As the dashing, bisexual Captain Jack Harkness of Doctor Who and Torchwood fame, Barrowman holds a certain status in Nerd Culture these days which I’m not sure he’ll ever lose. In real life, he’s a Scot by birth, has a charming cleft chin, and is as gay as the day is long. Currently, he plays the scheming Malcolm Merlyn on The CW’s Arrow, part of the DC TV Universe (which is separate from their cinematic universe because of… reasons). He’s beloved by millions of geeks around the globe who adore his quick wit and charitable work.
Also, John Barrowman is kind of an asshole.
Given all of the above, I’m not surprised that when I say things like that, my nerd-inclined friends tend to clam up and stop responding to my messages. I’m being annoying (and I know it) by not shutting up about something Barrowman did in 2014, and the way he defended it a year later.

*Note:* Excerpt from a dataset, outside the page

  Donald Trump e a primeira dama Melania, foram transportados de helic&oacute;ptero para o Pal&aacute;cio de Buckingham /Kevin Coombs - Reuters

See, Barrowman—being a social media-savvy fellow—posted a video online of himself and an Arrow costar in their hair and makeup trailer. The purpose was to show a little behind-the-scenes footage to keep up engagement with fans. No harm there—until Barrowman began talking: “This is what trannies do.”
What the hell.
Older cis gay white men like Barrowman have a nasty habit of throwing around “tranny” like it’s going out of style—which is actually appropriate, because it is. Although the word has roots among trans-identified drag performers, contemporary trans activists are trying to discourage use of the word especially outside of the trans community, where it’s used as fuel for the hate crimes that kill more of us every year.

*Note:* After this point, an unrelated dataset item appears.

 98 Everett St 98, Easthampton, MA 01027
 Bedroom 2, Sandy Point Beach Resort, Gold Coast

Meanwhile, “non-threatening” cis gays like Barrowman think it’s okay to use it as a term of endearment for their cishet friends, which is so inappropriate I barely know how to process it. Apparently there’s no cognitive dissonance for Barrowman, though, who told an adoring crowd in 2015 that he “meant no malice” because people on the set regularly called each other “tranny-tacular” in a fun, nice way, and that trans people who were upset should “lighten up.”
That has been his last word on the subject to date; I imagine his publicist expressly forbids him from bringing it up again, because what the actual hell John Barrowman. (See why I get pissed off when nerds fawn all over him for dressing in Squirrel Girl drag at Comic-Con?)
Listen: if a trans person tells you that something—a word, a phrase, an implied idea—hurts them in some way, it’s incumbent on you not to continue using those rhetorical devices simply because that’s what you’re used to or you don’t understand why they feel that way. Feelings aren’t rational; if they were, there would be a lot less people who were born into bodies that cause them physical and emotional distress on a spiritual level. If you want to respect trans identities, that means respecting our feelings as well, and the language you use to address us is part of that.
If you don’t want to respect trans identities because it’s inconvenient or you think we just can’t take a joke, on the other hand, I suggest you cue up some Torchwood and wait for the world to pass you by. I hear “Fragments” is a good one. I wouldn’t know, because as I said, I’m opting out of the John Barrowman Experience.